Property Deeds for 5 West Street

‘A Bibliography of Cordage and Cordage Making’ by Robert Chapman 1868

‘Felbridge Rope Walk’ – Felbridge District History Group 2009

‘The Story of Shoreham’ by Henry Cheal 1921

‘A Walkabout Guide to Shoreham’ by Michael Norman 1984

Rope Spinning Loft photo of Plymouth Cordage Company Ropewalk at Mystic Seaport

~ http://www.mysticseaport.org courtesy of Mystic Seaport, Mystic, Conn.

5 Replies to “Rope and Sail Makers”

  1. As a new resident at Marline Court, Ropetackle, I found this very interesting.

    An old friend who used to live in Shoreham, by the name of Parsons, had a marquee making and hire business last based in Eastern Road in Brighton (on the site now occupied by Gala Bingo).
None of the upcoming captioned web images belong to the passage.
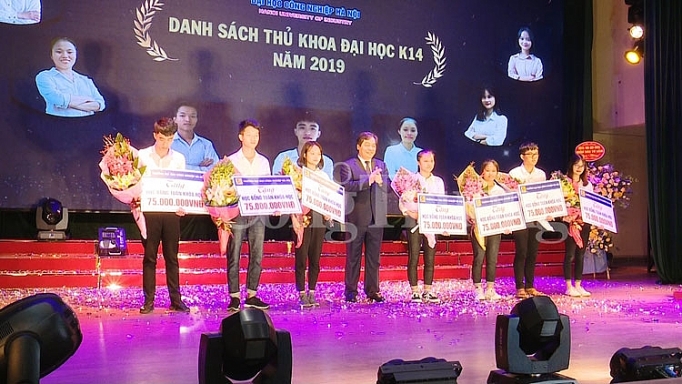 Bộ trưởng Trần Tuấn Anh: Đại học Công nghiệp luôn là đơn vị đi đầu khối trường thuộc Bộ bo truong tran tuan anh dai hoc cong nghiep luon la don vi di dau khoi truong thuoc bo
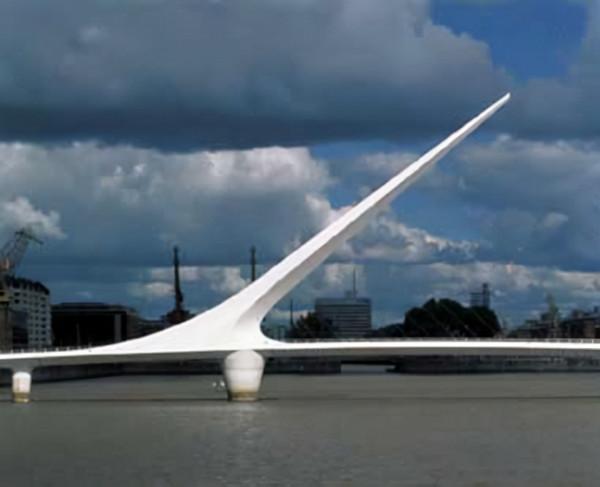 聖地亞哥-卡拉特拉瓦(Santiago Calatrava) 聖地亞哥-卡拉特拉瓦(Santiago Calatrava)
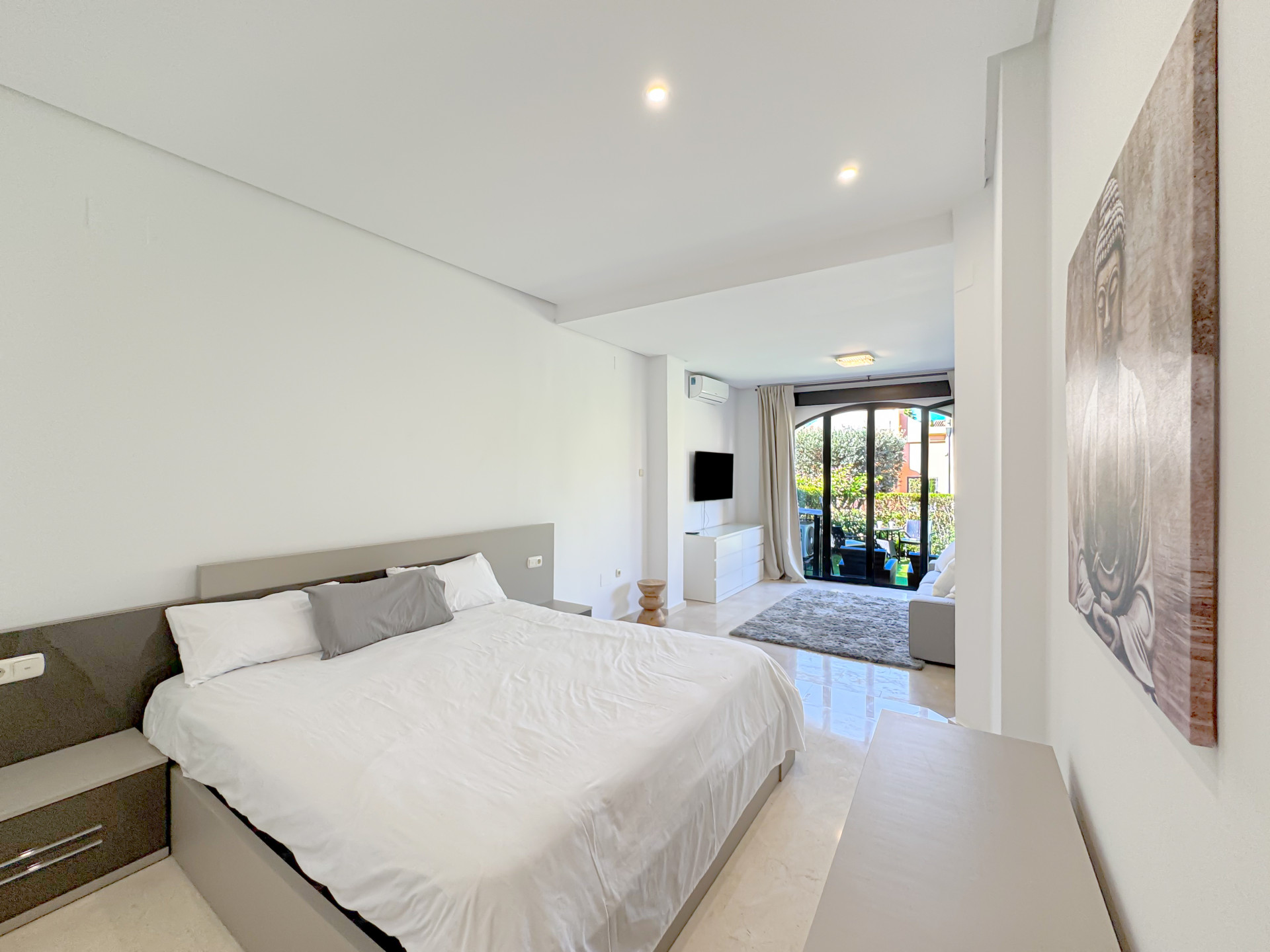 Fantástico apartamento de dos dormitorios en Las Mimosas Beach Gardens, Nueva Andalucía.
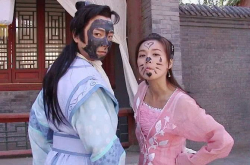 张庭小三上位后又遇小三？丈夫无视自己和微商妹妹秀恩爱？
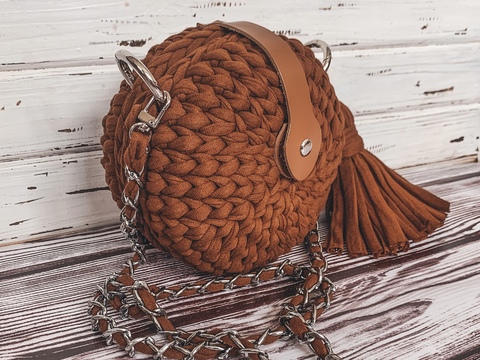 Crochet pattern round bag with t-shirt yarn PDF and video tutorial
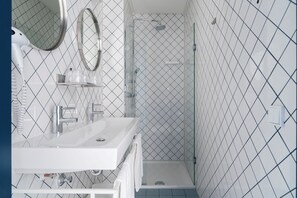 Dusche, Regendusche, kostenlose Toilettenartikel, Haartrockner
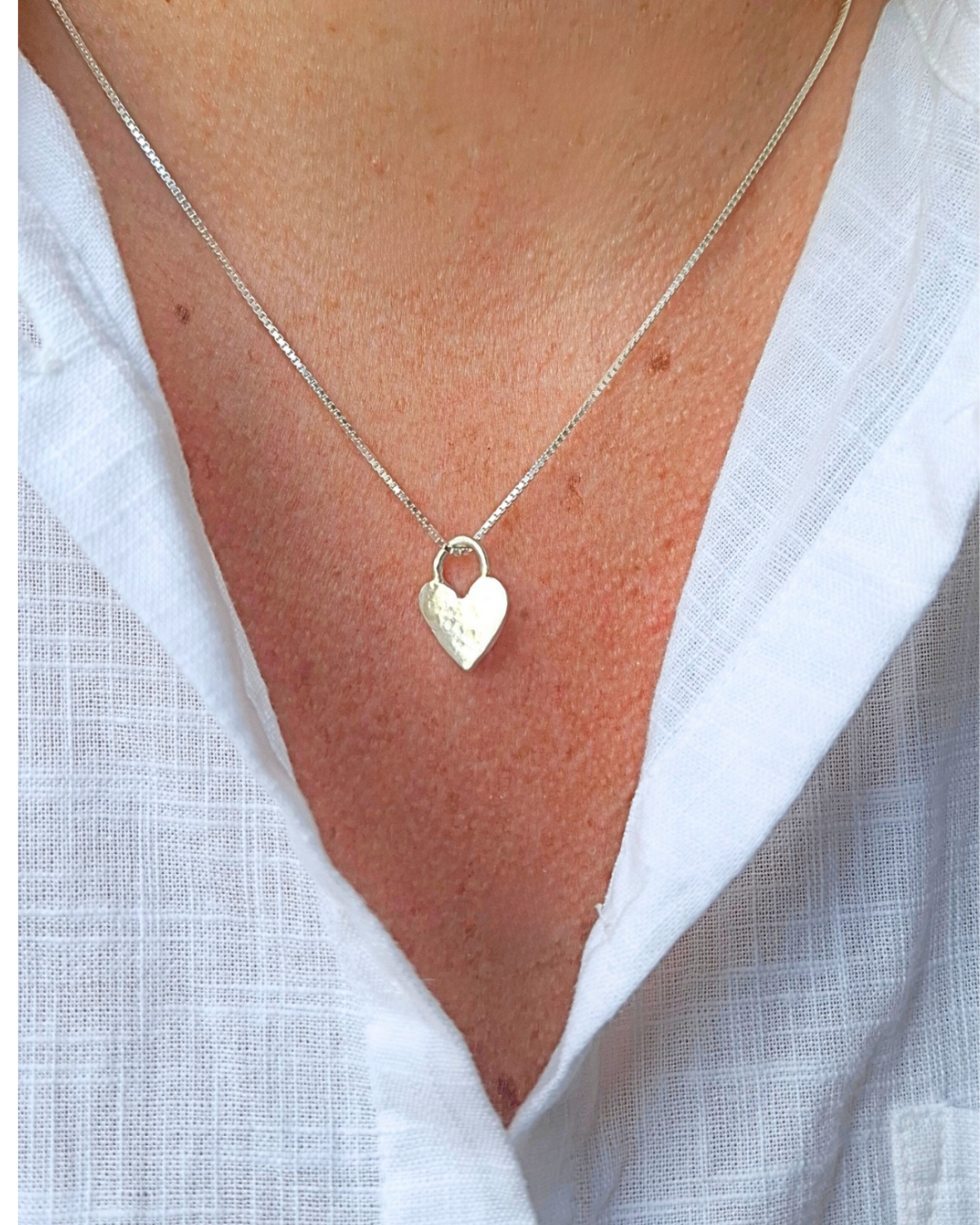 COLAR CORAÇÃO MARTELADO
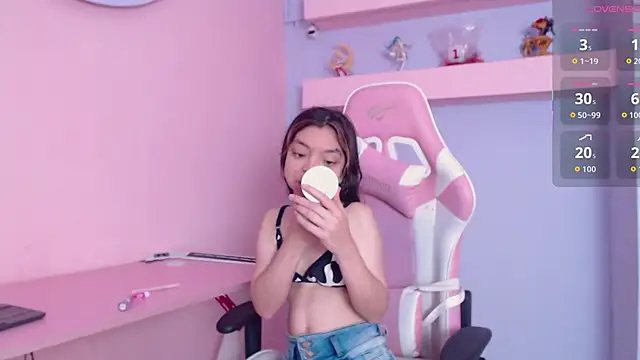 CharlotteMuller online show from October 2, 2025, 8:12 pm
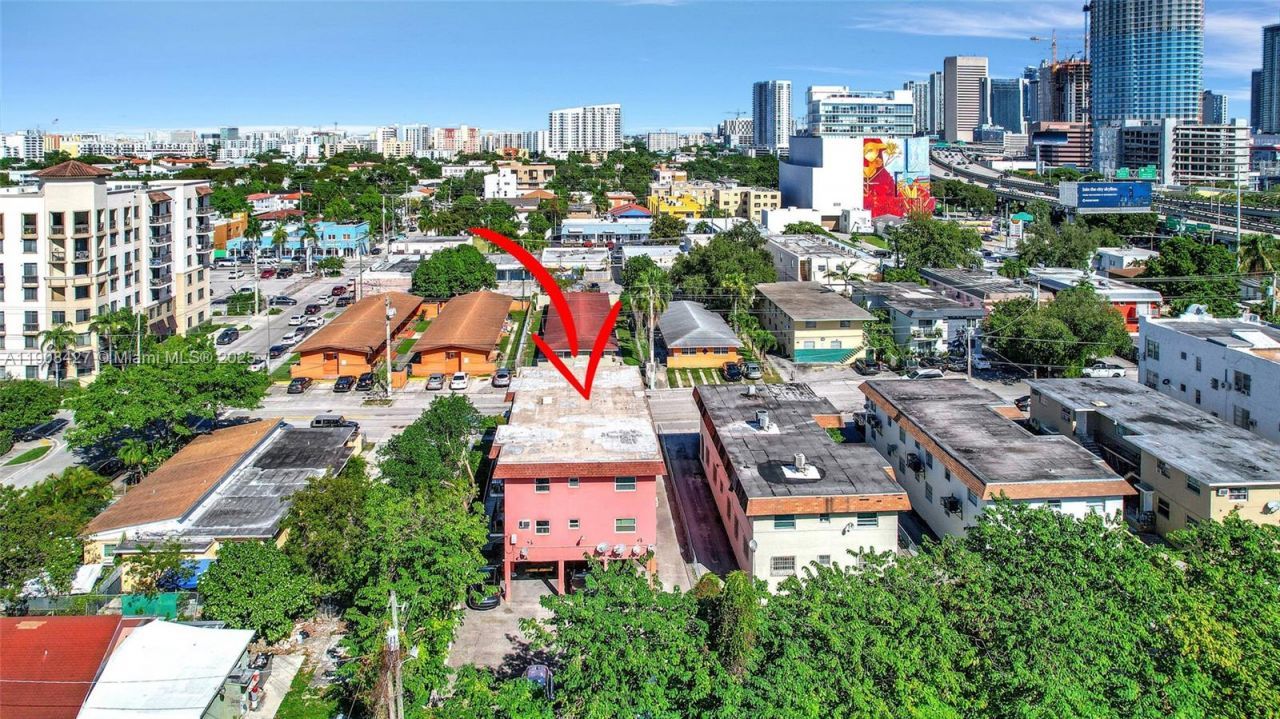 458 SW 9th St, Unit 3, Miami, FL 33130 Photo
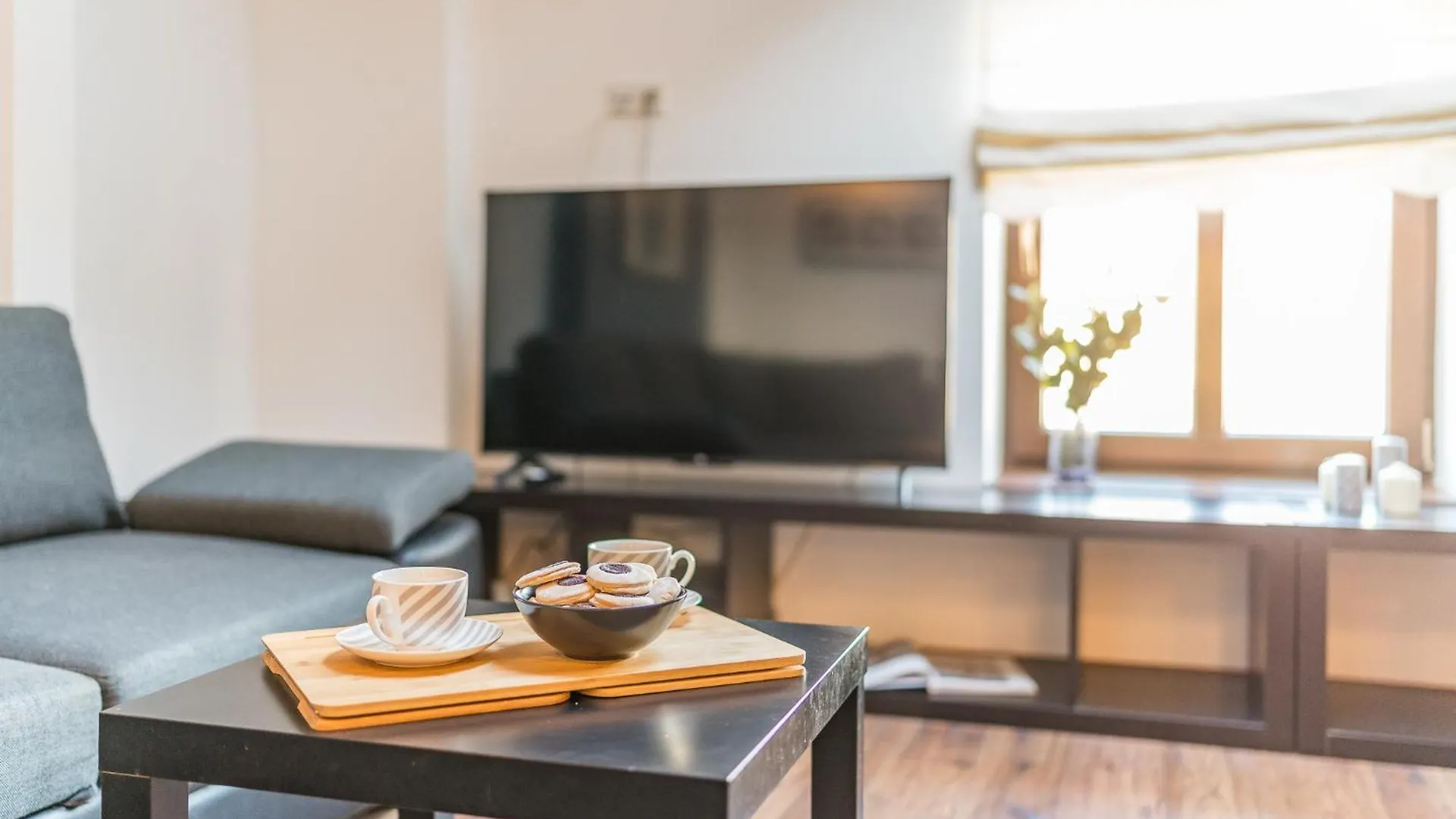 Krakow Central Apt - Top Location, Ac - By Rentujemy contacts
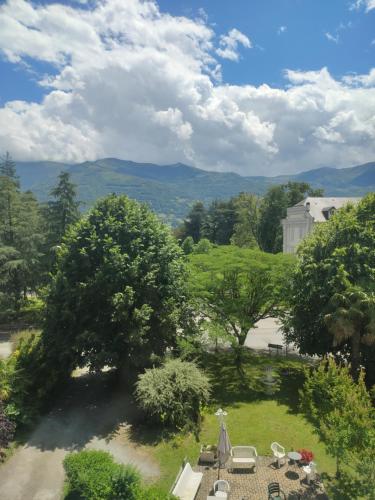 Elle offre une vue sur un jardin avec des chaises et des arbres. dans l'établissement Studio vue Tourmalet dans villa historique 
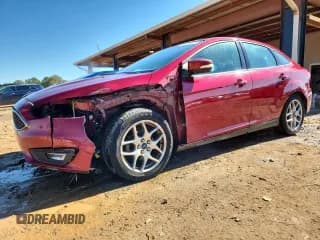 ✅ 2015 Ford Focus SE • VIN: 1FADP3F20FL333240 • Lot: 87254755. Listed on Copart with 137,077 mi. Free auction sales archive from the USA and detailed vehicle history report at DreamBid. Image 1.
Do you know if there is any connection between them and the Parsons Ropemakers in Shoreham?

    Thank you.

    1. It doesn’t seem as if anyone knows Paul. It looks like your only option is to identify one of the last rope maker Parsons in Shoreham then trace that forward using the Free Birth Marriages and Deaths website, Census Returns etc., but it’s not an easy job.

  2. I have a newspaper bygones picture from the shoreham herald ( year unknown) showing the sail loft and subsequent letters to the paper identifying the people shown from my grandfather J R English and his family. When the sail making declined they made tarpaulins to sell around the farms and I believe marquees.